By Ryan Connelly
Rider is helping high school students get a head start with their education. With Tomorrow’s Teachers program, students in select high schools can choose do an introduction course at Rider.
“My goal is to expose them to the profession and get them to challenge their prior conceptions about teaching and learning,” said education professor Tracey Garrett.
Rider started a partnership with Tomorrow’s Teachers program in 2013. Students that are enrolled in the program can earn three college credits by completing the introduction to education course requirements and the Tomorrow’s Teachers class. The class is listed as IND-101, and college students are unable to enroll in the course.
In order for instructors to teach the course, they must be trained. According to the State of New Jersey Department of Education, about 160 New Jersey teachers have participated in Tomorrow’s Teachers training since 2007. The course is offered in 38 states across the country. In New Jersey, there are four universities that offer college credits who complete the course elective. The price of the program is $560, but the participating high schools will pay the cost.

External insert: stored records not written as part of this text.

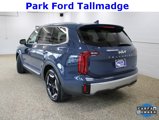 Used 2023 Kia Telluride S w/ S Sunroof Package image 3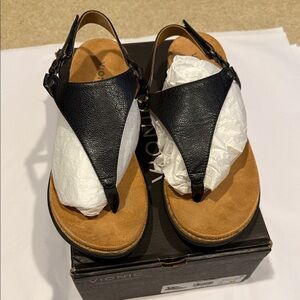 Vionic Black Leather Sandals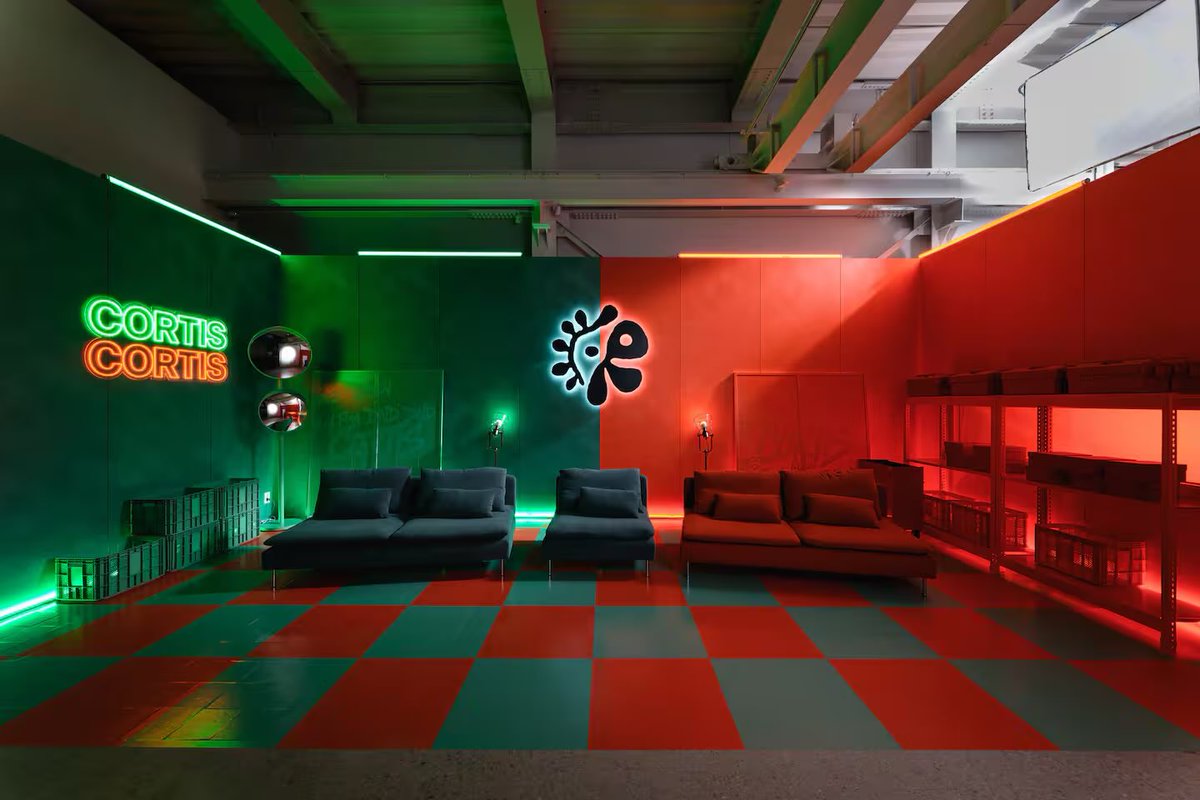 CORTISBRASIL's tweet image. #INFO | NINGUÉM SEGURA! CORTIS lançará um espaço pop-up inspirado em “Green vs Red”, conceito do “REDRED”, em parceria com a Airbnb. 🔥

A experiência será interativa e imersiva, permitindo que os fãs entrem no universo criativo do CORTIS através de atividades como:
— Quizzes e
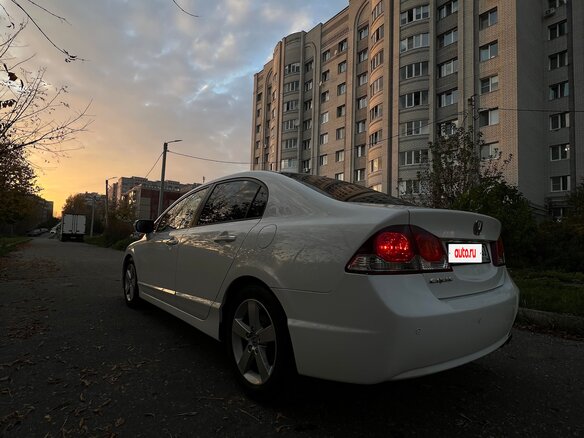 2010 Honda Civic VIII Рестайлинг, белый, 915000 рублей - вид 5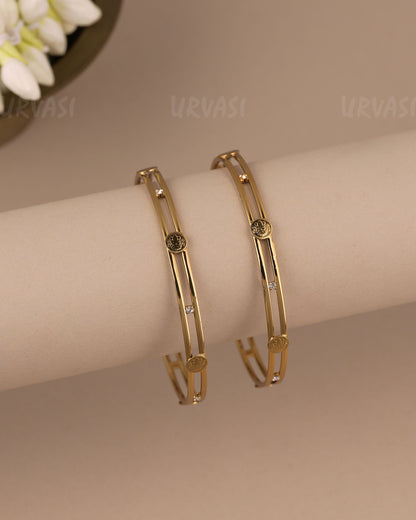 Mehendi-Polish  Traditional Lakshmi Kaasu Bangles (Set Of Two) BA 482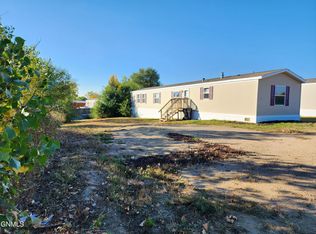 1515 50th St W, Williston, ND 58801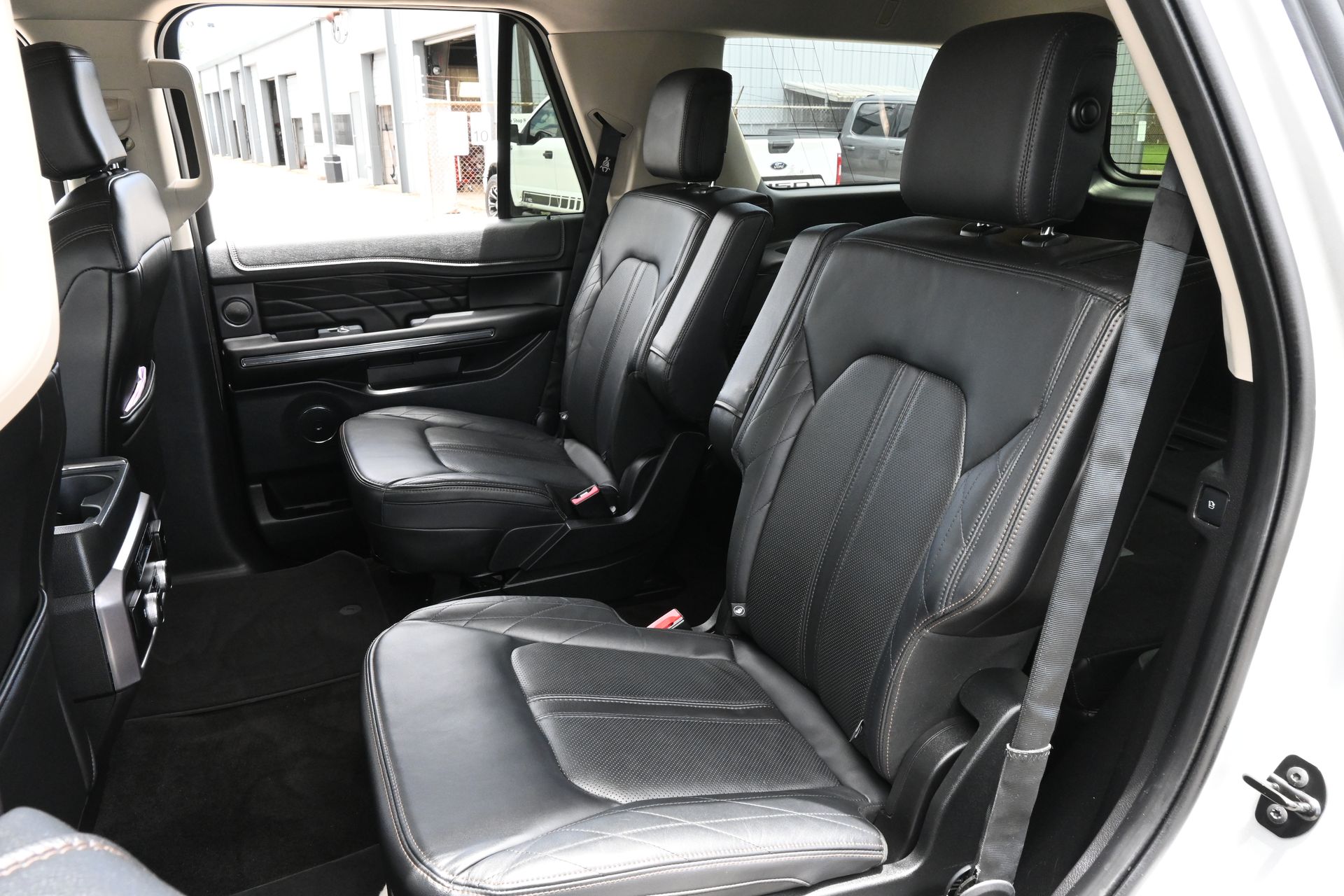 2018 Ford Expedition Platinum Silver at Community Honda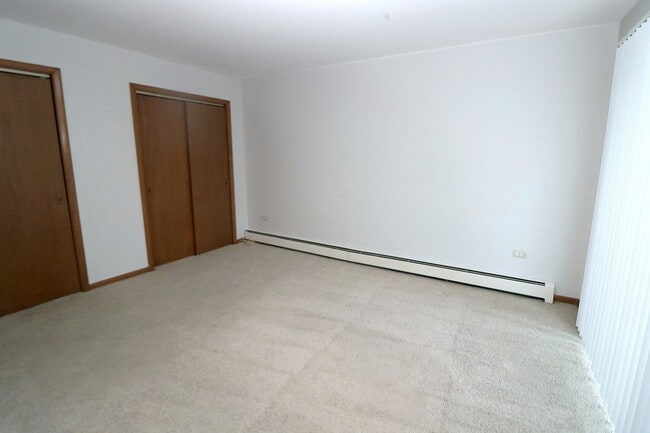 Building Photo - 220 Griffing Ave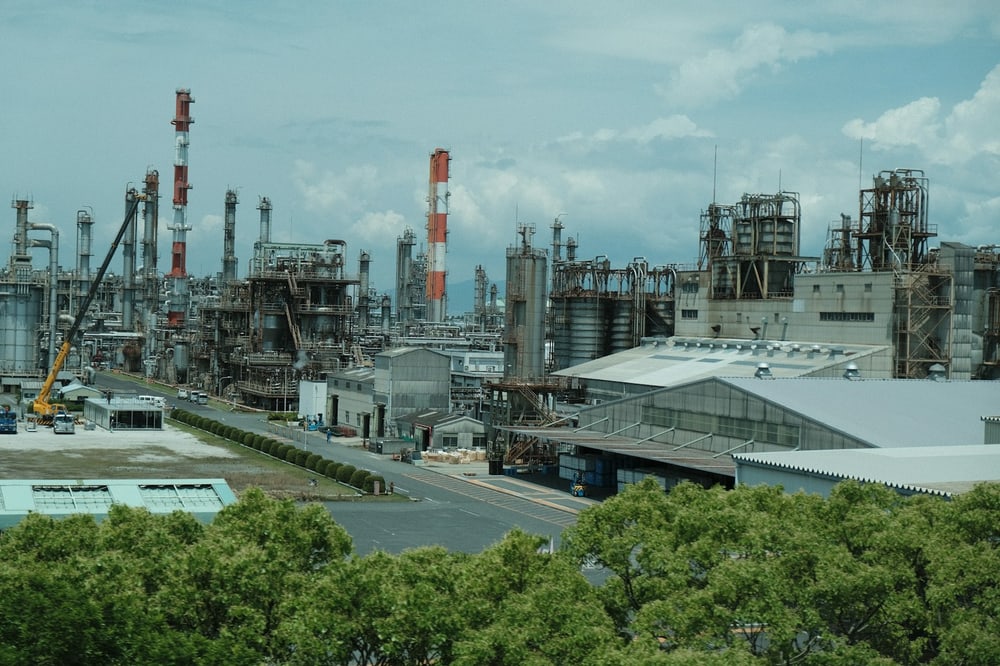Industrieanlage mit Rohren und Tanks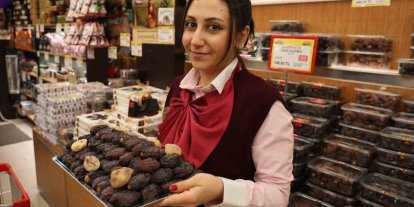 Ramazan ayının sembol ürünü hurma tezgahlardaki yerini aldı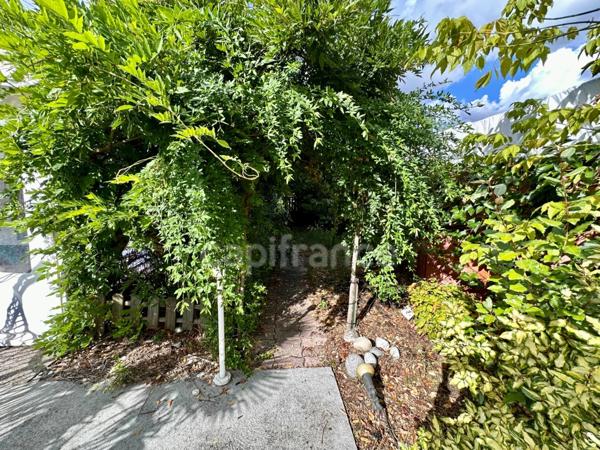 ANDERNOS LES BAINS(33)-VILLA 104m²-4 pièces avec grande mezzanine de 19m²-2 terrasses couvertes-garage.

“If the student’s high school is participating in the program, they can opt for the option of completing additional work for Rider and earning college credit,” said Garrett. “The program is in its 6th year [at Rider], and we have had over 500 students participate.”
The class is taught every year from November to June. Garret stated she was the only one that will be teaching this course at Rider. Even though this is offered to high school students, only high school juniors and seniors qualify for the program.
“I took my experience teaching our foundations of education courses that we offer here at Rider,” said Garrett. “I thought, ‘What would I want those students to know coming into these classes? What could I give them that would help them explore the profession and be helpful so that they have some prior knowledge of the teaching profession from the teacher perspective before they become students in pre-service programs?’
“I thought we could give students a chance to connect with other high school students around the state and explore these different topics,” Garrett said.
Some of the course material contains online discussions of various topics such as TED Talks, journals and blog posts. They also look at certain problems within the education field. Much like a course offered at Rider, the students are required to respond twice to the discussion, once with their own thoughts, and second, feedback on another student’s thoughts.
“The earlier students become immersed in the classroom, the better,” said senior elementary education major Heather Lesinski. “If this was offered [in my high school] I would have taken advantage of it, I would have entered college knowing more than I originally did.”